振袖と言えば、成人式ですよね。

かつて、知人よりこんな話を聞いたことがあります。


『私の父は、呉服関係の仕事をしていました。
私が小さい頃は呉服関係の会社に勤めていましたが、私が中学生の頃には独立し自分で商売をしていました。

いつも忙しそうな父でしたが、とても家族思いの優しい父でした。私は父が大好きでした。
私が19歳の頃、父が私を振袖の展示会へ連れて行ってくれました。

父や父の仕事仲間も、この展示会に出展していました。

そして父が、「ここにある全ての振袖の中から、お前が1番好きな振袖を選びなさい。自分が1番好きだと思った振袖を、お父さんに教えておくれ。」と言いました。

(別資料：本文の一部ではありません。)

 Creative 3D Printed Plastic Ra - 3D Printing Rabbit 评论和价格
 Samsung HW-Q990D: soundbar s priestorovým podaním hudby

私は今までに自分で着物を選んだことなんてなかったので、すごく迷いました。

まずはどんな色にしようか?どんな柄にしようか?

本当にとても迷いましたが、最終的に大好きな振袖を選ぶことができました。

そしてその振袖に合わせて、帯や草履やバック、その他の小物を全て父のアドバイスで選びました。

父はその全てを、私の成人式のお祝いにプレゼントしてくれました。

ものすごく嬉しかったです。また仕事をしている父を見れたのも、すごく嬉しかったです。

そして成人式や兄の結婚式で、その振袖を着ましたが父が「すごく似合っているね。綺麗だよ。」と言ってくれました。

大好きな父はもう天国へ行ってしまいましたが、父の振袖は今も綺麗な状態で私の側にあります。
出来れば私の娘に着てほしいなぁ、と思っています。』


以上のようなお話でした。

とても感動したのを覚えています。